__Work order__:
Each entry below is to be printed verbatim.

__Dataset extract__:

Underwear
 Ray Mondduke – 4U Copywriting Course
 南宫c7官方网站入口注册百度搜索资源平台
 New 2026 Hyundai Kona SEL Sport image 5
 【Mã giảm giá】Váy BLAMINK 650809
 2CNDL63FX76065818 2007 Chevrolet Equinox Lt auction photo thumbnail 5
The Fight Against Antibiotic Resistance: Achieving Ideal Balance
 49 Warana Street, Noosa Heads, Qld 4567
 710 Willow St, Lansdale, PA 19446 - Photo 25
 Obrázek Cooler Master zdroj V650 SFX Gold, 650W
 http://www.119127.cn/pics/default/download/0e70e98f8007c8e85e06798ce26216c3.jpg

__Solution below__:
Underwear
 Ray Mondduke – 4U Copywriting Course
 南宫c7官方网站入口注册百度搜索资源平台
 New 2026 Hyundai Kona SEL Sport image 5
 【Mã giảm giá】Váy BLAMINK 650809
 2CNDL63FX76065818 2007 Chevrolet Equinox Lt auction photo thumbnail 5
The Fight Against Antibiotic Resistance: Achieving Ideal Balance
 49 Warana Street, Noosa Heads, Qld 4567
 710 Willow St, Lansdale, PA 19446 - Photo 25
 Obrázek Cooler Master zdroj V650 SFX Gold, 650W
 http://www.119127.cn/pics/default/download/0e70e98f8007c8e85e06798ce26216c3.jpg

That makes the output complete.